For god's sake man, get a real engineer involved in this.

Andy.


----------



## Joe Carola (Apr 14, 2006)

a.griggs77 said:


> I am getting ready to open up a 11 ft hole between living room and kitchen. There will be a arched opening and there isnt room for header below ceiling joist so im going to have to do a blind header. I can not find the right hangers for this. I have 2x6 ceiling joists overlapped over this wall so 3inches with for the two. The beam will be 16 to 18 ft long one end sitting on outside wall and header will be build of 2x12 doubled with 1/2 inch ply sandwiched between. I need a hanger that is 3 1/2 inch for 2x12 and 3 inch 2x6. Any idea where to get the hangers from or what they are called. Also to get 16 to 18ft beam in attic i am going to have to open up the access in garage.


Who spec'd the header for you? Are you getting permits and inspections?



> Garage has 2x4 trusses i am going to have to cut one truss how will i go about doing that without making it weaker. thanks alot


You CAN'T do this without talking to the truss manufacturer and having them tell you how it can be done or you talk to an architect or engineer and they can tell you how it can be done. No one on the internet can tell you this.


----------



## Joe Carola (Apr 14, 2006)

a.griggs77 said:


> the header i know how to do just cant locate the correct hangers for the header.


How do you know?



> The truss i dont think will be much of a deal they are 2x4 and 16 on center if i add cross braces cut 1 truss and another cross brace to connect the two uncut trusses and run bracing up at angle to top of truss i think it would be fine just wondering what some of u think and if u know a part number or name for the hangers.


You have no idea what you are talking about. You cannot come up with your own solution for this. If you were smart you would listen to what we just told you. What makes you think you can come up with a solution to this? Just want to here how you think.

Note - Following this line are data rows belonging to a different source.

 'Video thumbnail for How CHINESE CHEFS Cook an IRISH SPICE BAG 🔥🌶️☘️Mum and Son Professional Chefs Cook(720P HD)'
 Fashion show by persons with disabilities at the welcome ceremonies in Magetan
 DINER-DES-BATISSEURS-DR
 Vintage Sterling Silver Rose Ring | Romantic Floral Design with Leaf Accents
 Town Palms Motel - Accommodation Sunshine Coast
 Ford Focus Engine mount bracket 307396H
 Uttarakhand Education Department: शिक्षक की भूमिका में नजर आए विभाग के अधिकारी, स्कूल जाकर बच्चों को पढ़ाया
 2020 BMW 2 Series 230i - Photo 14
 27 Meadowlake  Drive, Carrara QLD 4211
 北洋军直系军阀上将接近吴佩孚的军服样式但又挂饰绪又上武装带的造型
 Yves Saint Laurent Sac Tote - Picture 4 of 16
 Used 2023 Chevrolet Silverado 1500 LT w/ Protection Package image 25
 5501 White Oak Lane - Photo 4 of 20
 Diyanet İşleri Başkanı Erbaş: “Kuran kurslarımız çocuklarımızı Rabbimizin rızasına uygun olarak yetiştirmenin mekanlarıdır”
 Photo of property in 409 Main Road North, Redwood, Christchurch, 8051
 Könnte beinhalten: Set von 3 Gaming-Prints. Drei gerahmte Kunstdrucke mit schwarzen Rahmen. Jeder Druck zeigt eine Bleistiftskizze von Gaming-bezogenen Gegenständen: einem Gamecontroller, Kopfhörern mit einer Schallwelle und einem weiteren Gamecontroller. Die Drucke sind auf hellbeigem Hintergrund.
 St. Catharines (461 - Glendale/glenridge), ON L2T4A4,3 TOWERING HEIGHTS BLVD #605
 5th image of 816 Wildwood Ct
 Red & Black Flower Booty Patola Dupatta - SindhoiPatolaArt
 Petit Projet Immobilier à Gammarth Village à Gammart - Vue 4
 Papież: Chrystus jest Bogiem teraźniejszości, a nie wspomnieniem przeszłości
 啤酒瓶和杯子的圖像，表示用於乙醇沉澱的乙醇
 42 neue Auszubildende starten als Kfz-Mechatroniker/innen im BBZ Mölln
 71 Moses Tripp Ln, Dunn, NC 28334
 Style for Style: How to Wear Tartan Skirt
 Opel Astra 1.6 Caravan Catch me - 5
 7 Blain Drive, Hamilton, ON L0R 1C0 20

You are not a truss designer and you do not know how to cut a truss and fix it yourself. It's that simple!


----------



## ddawg16 (Aug 15, 2011)

To answer your specific question....

For the double 2x6's...Simpson LUS26-2 hanger
For a single 2x12, Simpson LUS210

But I have to echo the concerns of the guys above....based on what I'm going through with my 2-story addition, your proposed beam sounds 'lacking' for that kind of span. To give you a relative idea....I'm spaning a 14' distance and one of the load bearing beams is a 12x3.5 PSL. If you do some research, you will find that a PSL beam has a significant load advantage over any solid lumber....even with plywood sandwhiched in between.

If your doing this without permits.....oh boy....this would be a classic example of why we do have building codes and permit requirements.


----------



## project_guy (Jan 12, 2008)

Sounds like you are planning to put the header above the ceiling joists, hence the 3" wide hangar dimension? (supporting the overlapped part?) I recently did this on my house, and used joist hangers inverted so I didn't have to open up the ceiling below which would have meant tearing out kitchen soffit. 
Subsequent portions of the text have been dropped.